Each of the lines below must be restated exactly.

* [Dataset excerpt]:
───

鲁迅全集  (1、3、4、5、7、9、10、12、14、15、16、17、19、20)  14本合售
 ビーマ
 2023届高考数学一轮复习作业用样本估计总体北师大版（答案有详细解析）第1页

───

* [Output of the exercise]:
鲁迅全集  (1、3、4、5、7、9、10、12、14、15、16、17、19、20)  14本合售
 ビーマ
 2023届高考数学一轮复习作业用样本估计总体北师大版（答案有详细解析）第1页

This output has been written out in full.